Prof. Kobia stated the role of the government is to create a conducive environment for inclusion of the whole of society, government and private sector.

“If we do not confront this matter in its every form, I think as a country we would end up with a society that is troubled.” She added.

The main factors put out by the ministry contributing to GBV include: alcohol, drug and substance abuse; poverty; family/domestic disputes, retrogressive cultural beliefs and practices; poor parenting/upbringing and moral decadence; identity crisis among the youthful population; and inadequate support system. The most common forms of GBV identified in the study were, physical assault, rape/attempted rape, murder, sexual offences, defilement, grievous harm, physical abuse, child marriages, psychological torture and child neglect.

CS shared some of the measures the government which include an inter-agency strategy that includes, stakeholders to deal with the matter; six (6) Ministries (Public service and Gender, Interior, Education, ICT, Health and Labour), County Governments, development partners, and other non-state actors.

Further, the Government in recognition of the contribution of COVID-19 pandemic to the GBV crisis made investment through social safety nets cash transfers. As a result, loans to the tune of KShs WEF 300M, UWEZO 60M and Youth Fund 80M are disbursed every month to provide support self help groups.

Toll-free hotlines which include:  the National GBV Helpline 1195, National Police Helpline – 0800730999 under Police care,  and Child Helpline-116 to provide services such as anonymous reporting, assistance to survivors, tele- counselling and referrals for medical and legal services to any victim of GBV.

Prevention and response structures through County GBV Working Groups established by the National and County Governments which consists of:  law enforcement agents, social workers, medical personnel, and non-state actors to facilitate the prevention and response to GBV.

With support from the National Government Affirmative Action Fund the Rescue Centers for GBV were established to support survivors in West Pokot, Bungoma, Vihiga, Meru and Migori counties.
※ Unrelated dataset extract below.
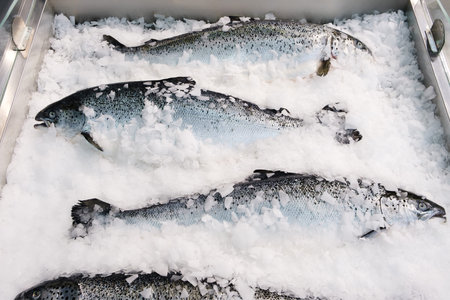A group of fish are sitting in a container filled with ice. The fish are spread out across the...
Additionally, there are 36  shelters  operated  by  Civil  Society  Organizations  in  13  Counties  of Nairobi, Kisumu, Mombasa, Kwale, Samburu, Kajiado, Murang’a, Laikipia, Kiambu, Nyeri, Meru, Machakos, and Makueni.

Continued sensitization and awareness prioritized on targeting men and boys as allies, advocates, role models and change agents, championing advocacy efforts against all forms of GBV to mobilize collective action in the communities.
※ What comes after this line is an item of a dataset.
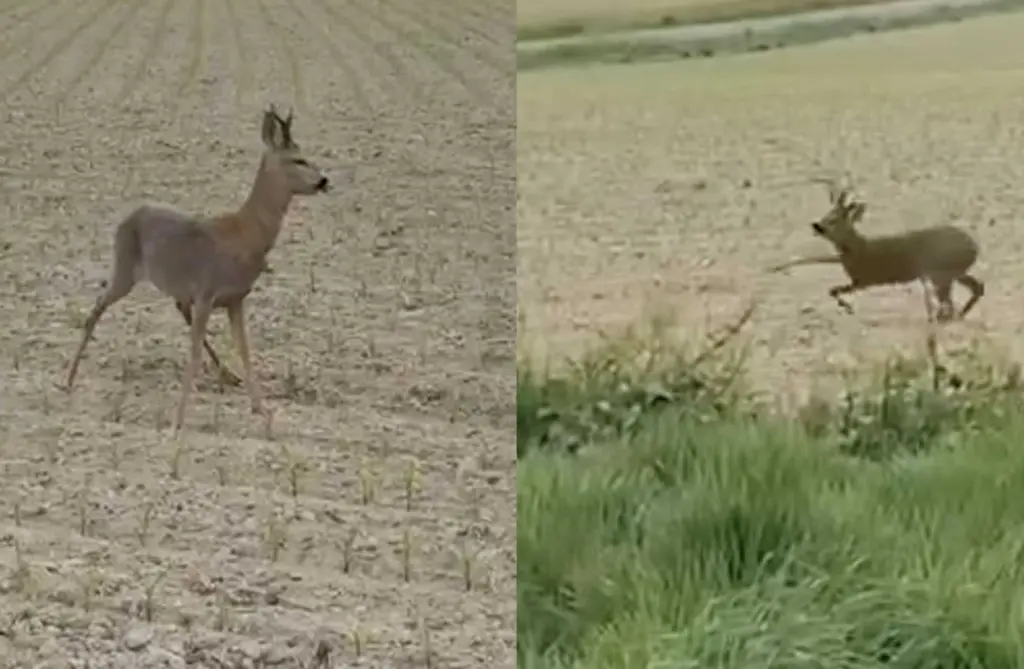 Beware of drunk deer, police warn, announcing season of inebriation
The CS concluded by sharing the following important key messages to all Kenyans on the fight against GBV:

1.  Komesha Dhuluma/Stop Gender Based Violence, call 1195.

2.  Any form of violence is wrong. Do not be afraid to ask for help, Break the SILENCE.

3.  If you feel unsafe in or around your home, if you are harmed or feel threatened, intimidated or harassed, break the SILENCE

4.  The lockdown and curfew are no excuse for Gender Based Violence. Break the SILENCE.

5.  During times of crisis, negative coping mechanisms can result to GBV. If you feel unsafe, please Break the SILENCE.

6.  Do you know anyone going through domestic violence and needs help? Don’t sit back, break the SILENCE.

“I wish to appeal to all members of the public to join hands to end this vice before it becomes a normal in violating human rights. Stand against GBV by among other things:  reporting incidences, supporting victims, speaking out against harmful and retrogressive cultural beliefs and practices.” She added.